AI tokens
An AI token is the basic unit of text that a large language model reads and produces. Before a model can process a sentence, the sentence is broken into tokens — short fragments of characters, words, or punctuation — and the model works with those fragments rather than raw text. Understanding tokens is essential for anyone working with AI, because tokens determine cost, latency, and how much context a model can hold at once.

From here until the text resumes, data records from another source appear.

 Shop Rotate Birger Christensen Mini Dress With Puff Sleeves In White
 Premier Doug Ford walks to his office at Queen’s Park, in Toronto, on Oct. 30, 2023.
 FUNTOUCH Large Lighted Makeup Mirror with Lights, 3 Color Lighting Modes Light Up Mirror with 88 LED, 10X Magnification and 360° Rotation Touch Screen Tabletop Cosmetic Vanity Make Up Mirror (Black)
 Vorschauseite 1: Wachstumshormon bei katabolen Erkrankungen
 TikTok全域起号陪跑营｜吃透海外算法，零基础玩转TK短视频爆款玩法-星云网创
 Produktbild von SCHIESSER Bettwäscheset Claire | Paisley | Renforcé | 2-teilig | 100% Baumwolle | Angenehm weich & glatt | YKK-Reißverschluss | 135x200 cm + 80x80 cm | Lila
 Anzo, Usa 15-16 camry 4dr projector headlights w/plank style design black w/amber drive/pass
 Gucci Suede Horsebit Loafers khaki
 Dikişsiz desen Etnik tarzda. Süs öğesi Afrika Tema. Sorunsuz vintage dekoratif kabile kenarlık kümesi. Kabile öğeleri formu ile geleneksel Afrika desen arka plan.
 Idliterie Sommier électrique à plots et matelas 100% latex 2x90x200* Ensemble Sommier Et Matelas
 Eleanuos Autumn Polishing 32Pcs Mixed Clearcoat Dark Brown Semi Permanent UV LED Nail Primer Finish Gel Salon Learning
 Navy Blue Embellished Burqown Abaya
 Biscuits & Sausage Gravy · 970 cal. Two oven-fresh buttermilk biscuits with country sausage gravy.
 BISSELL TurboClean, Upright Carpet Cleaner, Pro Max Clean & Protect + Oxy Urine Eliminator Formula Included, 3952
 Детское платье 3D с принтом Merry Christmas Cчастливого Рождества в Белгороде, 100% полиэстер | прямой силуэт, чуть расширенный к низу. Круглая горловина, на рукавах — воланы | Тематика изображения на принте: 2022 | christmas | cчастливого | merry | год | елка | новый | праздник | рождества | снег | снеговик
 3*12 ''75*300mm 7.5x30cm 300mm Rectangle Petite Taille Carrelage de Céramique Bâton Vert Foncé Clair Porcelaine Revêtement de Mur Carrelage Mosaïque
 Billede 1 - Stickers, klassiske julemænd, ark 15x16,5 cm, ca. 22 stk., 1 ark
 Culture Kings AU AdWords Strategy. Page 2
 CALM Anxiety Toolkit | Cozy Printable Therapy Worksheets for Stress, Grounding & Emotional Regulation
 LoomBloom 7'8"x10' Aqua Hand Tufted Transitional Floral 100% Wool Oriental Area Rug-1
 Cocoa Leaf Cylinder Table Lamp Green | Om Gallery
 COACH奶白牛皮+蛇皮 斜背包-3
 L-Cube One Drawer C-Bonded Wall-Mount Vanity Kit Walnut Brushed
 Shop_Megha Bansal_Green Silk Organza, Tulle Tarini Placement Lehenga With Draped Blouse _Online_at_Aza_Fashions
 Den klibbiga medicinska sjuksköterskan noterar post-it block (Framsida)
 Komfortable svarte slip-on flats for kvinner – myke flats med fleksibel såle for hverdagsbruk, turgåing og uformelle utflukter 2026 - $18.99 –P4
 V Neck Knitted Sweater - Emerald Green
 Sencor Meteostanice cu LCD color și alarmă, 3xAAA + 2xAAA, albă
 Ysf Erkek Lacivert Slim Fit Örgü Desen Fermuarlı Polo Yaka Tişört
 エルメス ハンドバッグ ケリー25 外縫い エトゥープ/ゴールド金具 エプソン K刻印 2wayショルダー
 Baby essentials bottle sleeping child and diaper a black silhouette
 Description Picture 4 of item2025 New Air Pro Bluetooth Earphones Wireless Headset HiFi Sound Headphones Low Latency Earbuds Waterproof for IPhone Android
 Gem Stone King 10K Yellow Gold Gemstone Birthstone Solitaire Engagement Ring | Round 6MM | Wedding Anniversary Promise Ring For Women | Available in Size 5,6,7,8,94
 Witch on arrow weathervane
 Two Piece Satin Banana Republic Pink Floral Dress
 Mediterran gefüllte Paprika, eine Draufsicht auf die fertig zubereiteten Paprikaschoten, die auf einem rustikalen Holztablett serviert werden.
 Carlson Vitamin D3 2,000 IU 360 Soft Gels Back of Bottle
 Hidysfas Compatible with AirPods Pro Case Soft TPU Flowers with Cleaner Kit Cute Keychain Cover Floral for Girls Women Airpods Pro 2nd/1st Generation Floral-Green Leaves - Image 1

A simple rule of thumb: in English, one token is roughly four characters, or about three-quarters of a word. The phrase Hello, how can I help you? tokenizes to about seven tokens in most modern models. Short common words like the are usually a single token; longer or rarer words get split into multiple tokens.
How tokenization works
Tokenization is the step that converts raw text into the numeric IDs a model can process. Most modern large language models use a method called byte-pair encoding (BPE) or a close variant like WordPiece or SentencePiece. These algorithms learn, from a large training corpus, which character sequences appear together often enough to be worth treating as a single token. Common words become single tokens, while rare words get split into smaller pieces — which is why a made-up name like Zylphora might cost five or six tokens, while customer costs one.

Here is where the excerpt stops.